Le livre qui porte le nom de Néhémie est, en grande partie, son ouvrage ; on pourrait presque dire son journal, ses mémoires ; partout où il parle à la première personne, il est impossible de douter que ce ne soit aussi lui qui raconte. Quelques anciens auteurs et pères de l’Église avaient cru y voir l’œuvre d’Esdras, non celle de Néhémie, attendu que les Hébreux réunissaient en un seul cahier ce qu’ils appelaient, ce que les romains appellent encore les deux livres d’Esdras ; mais il y a, entre ces deux livres, de trop grandes différences de style pour qu’on puisse les attribuer au même auteur ; le style de Néhémie est beaucoup plus facile, plus large, plus abondant, et l’emploi qu’il fait de la première personne ne se comprendrait pas dans toute autre supposition.
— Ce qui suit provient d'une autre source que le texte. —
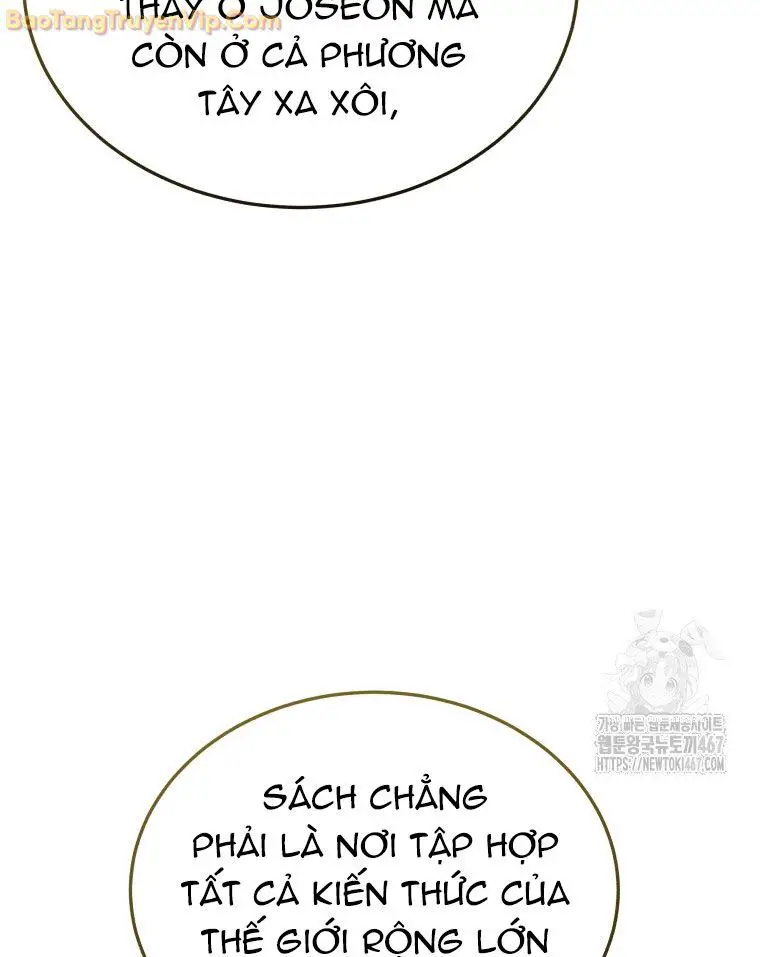 Vương Triều Đen Tối: Joseon Nettruyen ZZZ Chương 78 Page 117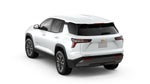 2027 Chevrolet Equinox FWD LT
Cependant, il ressort de la lecture même de ce livre que tout n’est pas de Néhémie ; mais, si l’on peut dire où le fragment intercalé commence (7.6), il est plus difficile d’établir où il finit ; à cet égard, les interprètes sont aussi divisés que possible. Le fragment le plus généralement reconnu comme étant d’une main étrangère, est 7.6-73 ; quelques auteurs y ajoutent les chapitres 8, 9 et 10 ; d’autres encore le chapitre 11 ; d’autres enfin, comme Eichhorn, en regardant les onze premiers chapitres comme l’ouvrage de Néhémie, attribuent le 12e et les cinq premiers versets du 13e à un chef du peuple, qui aurait fait l’histoire de Jérusalem pendant l’absence de Néhémie. Quelques critiques estiment aussi que des versets ont été intercalés, par ci, par là, dans le corps du livre, et, si on les en croyait, on n’aurait qu’à faire de Néhémie une seconde édition revue et corrigée par leurs soins. Au milieu de toutes ces incertitudes, une chose demeure, c’est que ce livre, tel qu’il existe, appartient au canon juif, et que l’Église chrétienne l’a accepté comme inspiré. Il importe donc peu que Esdras soit l’auteur de plusieurs de ces fragments, ou que ce soit Néhémie ; et, si l’on se rappelle le document que trouva Néhémie (7.5), on ne s’étonnera pas qu’il en ait peut-être joint à ses mémoires quelques extraits généalogiques ou historiques.